Crawled caption data:

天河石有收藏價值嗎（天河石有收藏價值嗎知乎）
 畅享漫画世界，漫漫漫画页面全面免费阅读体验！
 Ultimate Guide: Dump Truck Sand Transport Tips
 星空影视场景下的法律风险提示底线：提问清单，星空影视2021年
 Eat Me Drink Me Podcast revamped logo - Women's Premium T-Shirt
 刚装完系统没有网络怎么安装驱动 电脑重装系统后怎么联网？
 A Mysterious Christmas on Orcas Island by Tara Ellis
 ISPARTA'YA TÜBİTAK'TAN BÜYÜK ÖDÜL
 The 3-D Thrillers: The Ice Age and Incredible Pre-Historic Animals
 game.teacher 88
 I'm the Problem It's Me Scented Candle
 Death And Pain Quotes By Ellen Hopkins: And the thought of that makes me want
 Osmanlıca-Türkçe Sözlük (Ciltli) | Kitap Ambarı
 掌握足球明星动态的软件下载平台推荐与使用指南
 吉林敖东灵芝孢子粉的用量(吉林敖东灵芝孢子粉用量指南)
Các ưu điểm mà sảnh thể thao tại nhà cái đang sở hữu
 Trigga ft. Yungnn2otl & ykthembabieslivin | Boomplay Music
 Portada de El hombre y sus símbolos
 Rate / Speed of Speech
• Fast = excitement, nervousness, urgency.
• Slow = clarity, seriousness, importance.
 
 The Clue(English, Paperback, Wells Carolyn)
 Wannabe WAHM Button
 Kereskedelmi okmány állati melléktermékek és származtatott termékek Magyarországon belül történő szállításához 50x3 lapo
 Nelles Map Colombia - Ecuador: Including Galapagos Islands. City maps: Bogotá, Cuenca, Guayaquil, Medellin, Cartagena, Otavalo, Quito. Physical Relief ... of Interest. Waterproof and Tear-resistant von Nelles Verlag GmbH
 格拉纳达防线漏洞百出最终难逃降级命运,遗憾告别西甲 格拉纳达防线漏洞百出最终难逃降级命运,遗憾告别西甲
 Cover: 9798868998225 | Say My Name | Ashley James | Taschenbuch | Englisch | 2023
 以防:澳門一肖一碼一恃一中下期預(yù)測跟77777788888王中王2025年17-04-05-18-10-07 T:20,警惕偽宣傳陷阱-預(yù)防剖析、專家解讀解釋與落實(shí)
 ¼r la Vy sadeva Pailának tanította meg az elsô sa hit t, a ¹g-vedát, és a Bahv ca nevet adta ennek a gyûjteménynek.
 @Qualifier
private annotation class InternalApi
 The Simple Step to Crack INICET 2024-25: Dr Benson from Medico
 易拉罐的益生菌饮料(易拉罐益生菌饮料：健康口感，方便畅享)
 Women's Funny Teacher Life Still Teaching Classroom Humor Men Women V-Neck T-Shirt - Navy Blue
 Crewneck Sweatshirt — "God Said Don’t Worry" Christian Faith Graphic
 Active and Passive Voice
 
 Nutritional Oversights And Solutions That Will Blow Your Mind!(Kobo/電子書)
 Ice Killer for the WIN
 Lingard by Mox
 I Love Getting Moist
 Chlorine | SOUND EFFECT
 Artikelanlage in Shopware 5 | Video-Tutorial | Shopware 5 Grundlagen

• **PROBLEM TO WORK ON**
Locate and copy each line in the data above that includes the word "Women".

• **FINAL ANSWER**
 Eat Me Drink Me Podcast revamped logo - Women's Premium T-Shirt
 Women's Funny Teacher Life Still Teaching Classroom Humor Men Women V-Neck T-Shirt - Navy Blue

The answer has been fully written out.